▶ Required work
Reproduce the whole listing word for word. Leave every image out.

▶ Available data
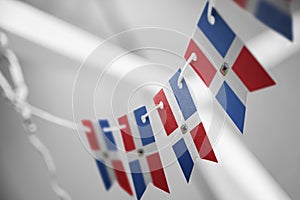 A garland of Dominicana national flags on an abstract blurred background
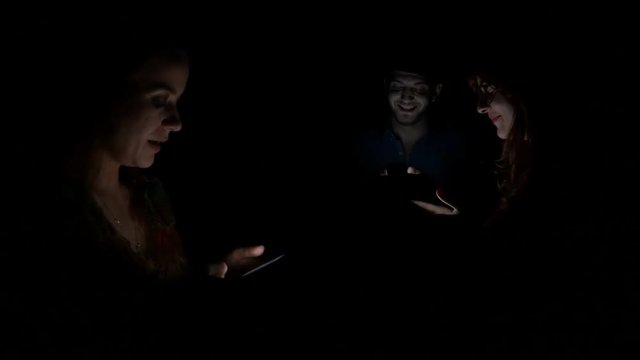 Three young people spending their time in the same room but using social media to socialize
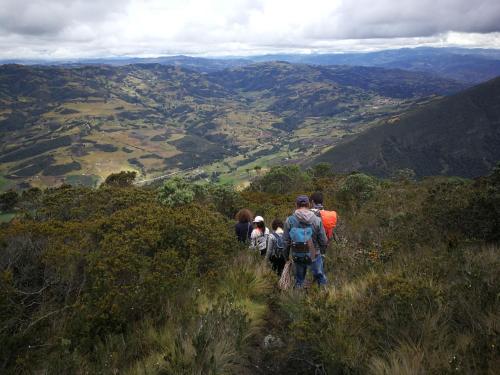 a group of people walking on a mountain trail at Monzaque- paraíso de bachué in El Barrial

▶ Expected answer
 A garland of Dominicana national flags on an abstract blurred background
 Three young people spending their time in the same room but using social media to socialize
 a group of people walking on a mountain trail at Monzaque- paraíso de bachué in El Barrial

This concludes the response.